There’s no one “right” way. You need to make it clear to them that you’re not about to drop out of school and enter a monastery tomorrow but are instead just in the early stages of your discernment. You’re parents will obviously want what’s best for you and that includes not seeing you get hurt. So it’s understandable if they might be a little be concerned - especially if they think that you’re making a hasty decision. Again, make it clear that you’re not about to make any major, life-changing decisions any time soon!

-And finally, is it hard to get accepted into an order?

I’m never quite sure what to say when people ask me this question about the seminary.

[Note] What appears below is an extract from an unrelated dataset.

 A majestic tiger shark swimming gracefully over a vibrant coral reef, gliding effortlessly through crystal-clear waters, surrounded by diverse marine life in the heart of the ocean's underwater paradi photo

On the one hand, I don’t want to deter people, but on the other I don’t want to make it sound like there’s an open door policy. I guess what I can say is this, entering a seminary or religious order is a major decision and the application process reflects this. The order / diocese’s concern will be to make sure that you’ve though the decision very carefully and that you’re ready to make this decision.

-Can I join right out of high school? That’s definitely the rout I would like to take.

As somebody else says, that’s up to the order. Personally, I would discourage someone from joining and order or seminary straight from school. I know others would disagree with me on that and I respect their views. That said, I strongly believe that there’s an enormous amount of benefit which can be gained from giving yourself some breathing space and time for life experience after finishing school.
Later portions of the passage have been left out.